Branded to Kill

Branded to Kill

Oddball early 60s B&W Japanese gangster gem with very odd structure and without straightforward narrative. Director Seijun Suzuki’s films for the Nikkatsu studio kept getting stranger and less commercial, so he was instructed to turn in something more conventional.

Instead, he made this decidedly non-traditional film and was promptly fired. “They told me my films didn’t make money and they didn’t make sense, so they fired me,” says Suzuki in an interview on the DVD. After firing, he successfully sued Nikkatsu, but was blacklisted and didn’t work for 10 years. 2001 brought a sequel of sorts called Pistol Opera.
Hamster-faced star Jo Shishido had collagen implants placed in his cheeks to boost his box office appeal, and it apparently worked, too, but it makes him look hella weird to these western eyes. He plays a hit man (ranked No. 8) who is talked out of retirement. Things go wrong, and a contract is taken out on him. His wife even tries to kill him! He meets a beautiful hit woman with dead butterflies on her walls—“Where can I pin you?” she asks.

Hanada loves the smell of boiling rice more than anything. It gets him sexually stimulated. After having lots of rough sex, his tired wife doesn’t want to put on any more rice.


The assassinations he is assigned are shot quite well, I particularly like when he unscrews a pipe and shoots an eye doctor up through the drain right in his face! Later, the assassin No. 2 is assigned to kill him. They are handcuffed together so they can keep an eye on each other, because No. 2 has said he could kill Hanada at anytime.

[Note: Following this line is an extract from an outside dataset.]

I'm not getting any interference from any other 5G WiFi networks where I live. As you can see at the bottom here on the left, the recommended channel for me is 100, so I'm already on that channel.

So it gets strange, as the connected assassins try to move around the house and do things while cuffed together, all the time watching for signs that the other is going for his gun.
Increasing gunplay and jarring edits build a swirling atmosphere of disorientation. The narrative is subordinated to form, so the set, cinematography and editing tell the story. The plot is simple and yet murky. The film stands up really well, considering Nikkatsu had a policy of only taking 28 days to shoot and edit a picture. The over-the-top style brings to mind Sam Fuller, but is truly original and outrageous.

Lot of facial close-ups and static shots. The non-linear jumps in time and space are bit confusing, and the story reveals itself more upon repeat viewing. It’s as if he’s purposely trying to break the “rules” of cinematic “language” that we’ve taken for granted all these years.

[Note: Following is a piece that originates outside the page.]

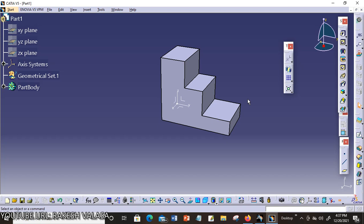In this video lecture, I am going to explain one tool in transformation features. The tool name is Axis to Axis System.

Worth a look. Maybe a little hard to follow at times, but lots of action, and beautiful shots by a director striving to innovate. Keep your eyes peeled for: guy running on fire, wife scraping her nails on window, rice cooker sniffing, butterfly landing on gunfight, wife saying “Beast needs beast” then shooting him, the big finale in a boxing ring. The DVD has an interview with the director and a gallery of cool posters from 60’s Yakuza films.